> **WHAT TO PRODUCE**: Print exactly the lines from the one containing "Birthday Austin_Healey Key Chain" through the last line of the listing, both included.

> **THE DATA**:
________
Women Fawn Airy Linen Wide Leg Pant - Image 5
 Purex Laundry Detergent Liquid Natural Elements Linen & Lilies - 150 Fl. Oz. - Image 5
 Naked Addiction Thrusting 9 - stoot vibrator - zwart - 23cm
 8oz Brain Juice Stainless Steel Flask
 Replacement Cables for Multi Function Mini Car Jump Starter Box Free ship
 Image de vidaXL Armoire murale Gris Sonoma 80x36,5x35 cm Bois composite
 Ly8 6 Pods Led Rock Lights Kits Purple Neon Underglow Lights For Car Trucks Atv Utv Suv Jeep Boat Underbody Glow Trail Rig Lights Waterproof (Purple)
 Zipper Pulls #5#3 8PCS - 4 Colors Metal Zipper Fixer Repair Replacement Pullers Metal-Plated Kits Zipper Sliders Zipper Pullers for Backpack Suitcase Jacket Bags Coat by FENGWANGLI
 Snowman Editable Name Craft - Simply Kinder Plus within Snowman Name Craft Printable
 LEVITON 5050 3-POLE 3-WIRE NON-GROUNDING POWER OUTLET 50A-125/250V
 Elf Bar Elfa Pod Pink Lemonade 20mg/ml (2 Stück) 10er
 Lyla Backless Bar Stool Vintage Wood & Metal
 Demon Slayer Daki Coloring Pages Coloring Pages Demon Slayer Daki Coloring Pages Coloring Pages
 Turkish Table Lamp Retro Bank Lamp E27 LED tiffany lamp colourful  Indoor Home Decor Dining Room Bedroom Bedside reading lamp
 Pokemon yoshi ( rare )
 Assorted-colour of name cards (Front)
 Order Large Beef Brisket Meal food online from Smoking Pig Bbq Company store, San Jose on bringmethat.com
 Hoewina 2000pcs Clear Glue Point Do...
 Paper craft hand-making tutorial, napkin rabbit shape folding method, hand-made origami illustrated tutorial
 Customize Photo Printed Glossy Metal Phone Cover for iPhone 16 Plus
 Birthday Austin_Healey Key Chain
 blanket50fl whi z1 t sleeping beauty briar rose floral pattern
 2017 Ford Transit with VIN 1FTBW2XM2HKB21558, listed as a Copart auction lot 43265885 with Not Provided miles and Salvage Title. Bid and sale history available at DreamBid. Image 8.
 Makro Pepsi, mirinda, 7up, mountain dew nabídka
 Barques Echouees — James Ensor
________
> **ANSWER FOR THIS EXERCISE**:
 Birthday Austin_Healey Key Chain
 blanket50fl whi z1 t sleeping beauty briar rose floral pattern
 2017 Ford Transit with VIN 1FTBW2XM2HKB21558, listed as a Copart auction lot 43265885 with Not Provided miles and Salvage Title. Bid and sale history available at DreamBid. Image 8.
 Makro Pepsi, mirinda, 7up, mountain dew nabídka
 Barques Echouees — James Ensor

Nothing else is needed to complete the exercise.